L’homme d’East Angus a offert en cadeau à sa conjointe des billets pour le spectacle de Guy Nantel au Club Tropical. Quelques jours plus tard, l’humoriste confirmait la rumeur de son saut en politique. « On se demandait si le show allait avoir lieu pareil. »

Quand Guy Nantel a annoncé le 13 février dernier qu’il devenait le quatrième candidat à la direction du Parti québécois (PQ), il a promis de donner les spectacles qu’il restait à sa tournée.

Guy Nantel savoure-t-il ses derniers instants de liberté comme humoriste avant de tenter sa chance comme politicien ?

Tu serais étonnée de la liberté que je prends en politique. Je reste moi-même et je dis ce que j’ai à dire depuis le tout début. Au pire, je frapperai un mur.

Guy Nantel

Guy Nantel a déjà une « grosse équipe » et une « grosse machine » derrière lui, pilotée notamment par le militant péquiste Christian Généreux.

Le candidat annoncera sa plateforme électorale le mercredi 18 mars, à l’occasion du lancement officiel de sa campagne. En attendant, il a demandé mardi dernier sur les réseaux sociaux de « l’aide » pour recueillir les 2000 signatures de membres du PQ requises pour devenir officiellement candidat à la chefferie en avril.

Les gens ont peut-être besoin de quelqu’un qui n’a pas « fait ses classes » de façon traditionnelle, souligne-t-il.

Que ce soit en humour (où il travaille seul) ou quand il a remporté la Course destination monde en 1994, Guy Nantel a toujours été un « outsider ». « Un indépendant », dit-il.

« Je fais ce que j’ai à faire, dit-il. De manière libre et détachée. »

« J’ai eu plein d’offres comme réalisateur après avoir gagné la Course destination monde, mais c’est de l’humour que je voulais faire, souligne l’homme de 51 ans. La vie me présente des affaires et j’embarque. »

« J’adore ça »

Quoi qu’il en soit, Guy Nantel multipliait déjà les poignées de main mardi au Club Tropical. Des gens faisaient la file pour se faire prendre en photo avec lui après son spectacle et lui faire savoir leur allégeance politique.

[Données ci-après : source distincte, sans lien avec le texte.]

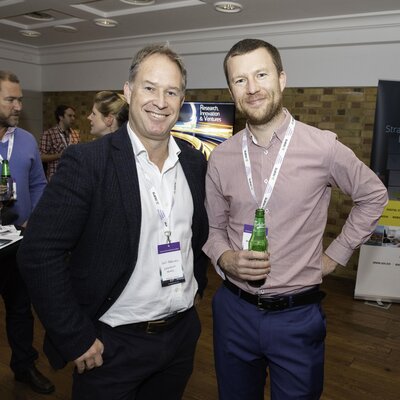 Travolution European Summit 2018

« Ici, le DGEQ [Directeur général des élections du Québec] n’a pas de contrôle », a-t-il lancé à la blague à un homme entre deux photos.

Somme toute, n’est-ce pas une période étrange pour Guy Nantel ? Pendant laquelle il porte deux chapeaux : celui de l’humoriste et celui du politicien ?

« J’adore ça », lance-t-il. Comme humoriste, « je suis comme un poisson dans l’eau ». Comme politicien, « je suis en apprentissage accéléré ». « Je parle à des constitutionnalistes, des avocats… je fais une maîtrise en deux mois. 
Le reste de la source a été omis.